Maurice Steger © Marco Borggreve
Maurice Steger
© Marco Borggreve

There is always a relaxed and casual atmosphere at the lunchtime concerts, especially in the auditorium, but on this occasion the two performers on stage also displayed a casual demeanour. Both were dressed very informally and chose an informal presentation of their music, which was not unwelcome. They entered the stage in a nonchalant manner, almost reluctantly acknowledging the audience (especially Rondeau) and just wanting to get on with the music. When they finished playing a piece, they applauded each other before they took their bows.

Their programme ranged from early to late Baroque Italian composers including Giovanni Battista Fontana, Andrea Falconieri, Pietro Castrucci and Giuseppe Sammartini. Not exactly household names, but collectively they certainly provided the recorder player with a lot of notes! The most outrageously virtuosic passages came in Castrucci’s arrangement of Corelli’s Violin Sonata, Op.5 no. 8, where the added ornamentations in the fast movements were the equivalent to Liszt’s transcriptions of bel canto arias.

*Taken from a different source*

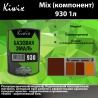 930 Kiwix mix 1л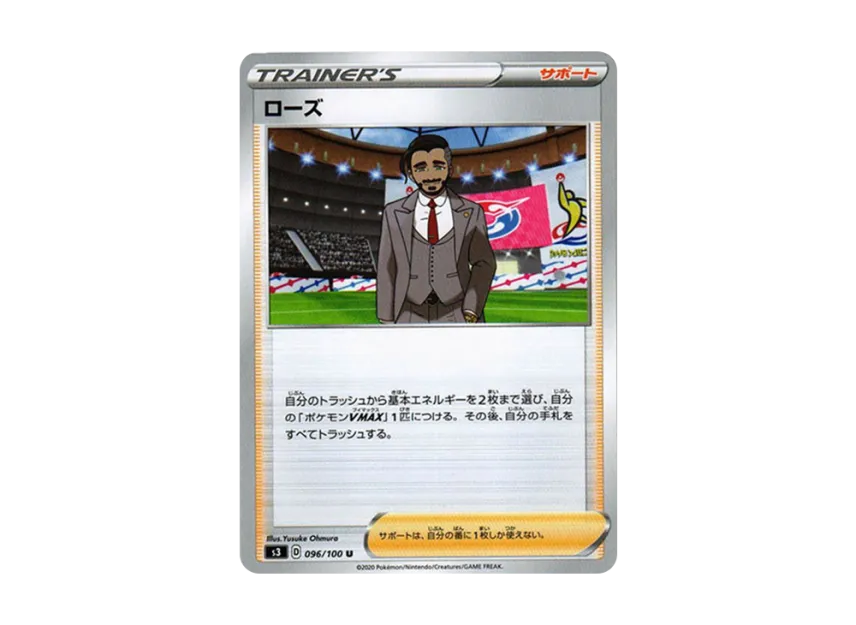 Chairman Rose U [S3 096/100] (Expansion Pack "Infinity Zone")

Steger performed with dazzling agility (not only his fingers but also his rapid articulation), yet without a hint of showing off and with so much of a sense of fun. The technical wizardry in the second movement was such that it brought spontaneous applause, and in the finale he took it so fast that he was really pushed to the limits, adding to the thrill. Sometimes he was not afraid of over-blowing, either.

Steger could dazzle with his virtuosity, but he could equally seduce with his pure, singing tone which carried amazing well in the Wigmore Hall. He opened the concert with Fontana’s Sonata Seconda (published in 1641, originally for violin) on a treble recorder, which began with some beautiful long notes accompanied by arpeggiated chords on the harpsichord. The single-movement sonata moves between slow and fast sections, some in lively dance rhythms, and in the final section the recorder sounded like joyful birdsong.

Steger brought seven different-sized recorders to the stage and in the Falconieri he used different instruments for each piece, from the chirpy descant in Il melo to a tenor in La suave melodia, the most lyrical work in the set. Following a plaintive introduction from the harpsichord, Steger played the suave melody with warmth and lithe phrasing.

Meanwhile, in between the recorder pieces, Rondeau played some solo pieces on the French double-manual harpsichord after Taskin. Bernard Storace’s Ciaccona, based on a familiar ostinato bass, began with a short improvised introduction and he played the variations with increasing flamboyance. His tone is clean and crisp, as demonstrated in the two keyboard sonatas by Domenico Scarlatti as well. In the Sonata in D minor, K 213, he showed his introspective side, whereas he was more assertive and buoyant in the Sonata in D major, K 119, which has a fandango feel, Rondeau deliciously bringing out the striking, dissonant chords. He was thoughtful and inventive in his continuo playing too, and was perhaps most playful in the Giuseppe Sammartini sonata, the right hand mirroring the recorder phrases.

As Steger announced the encore – the cantabile movement from Vivaldi’s concerto “Pastorella” concerto – he commented on the acoustics of Wigmore Hall, saying that it “may be the best acoustic for my instrument”. I think the audience certainly agreed. More recorder recitals in the future, please!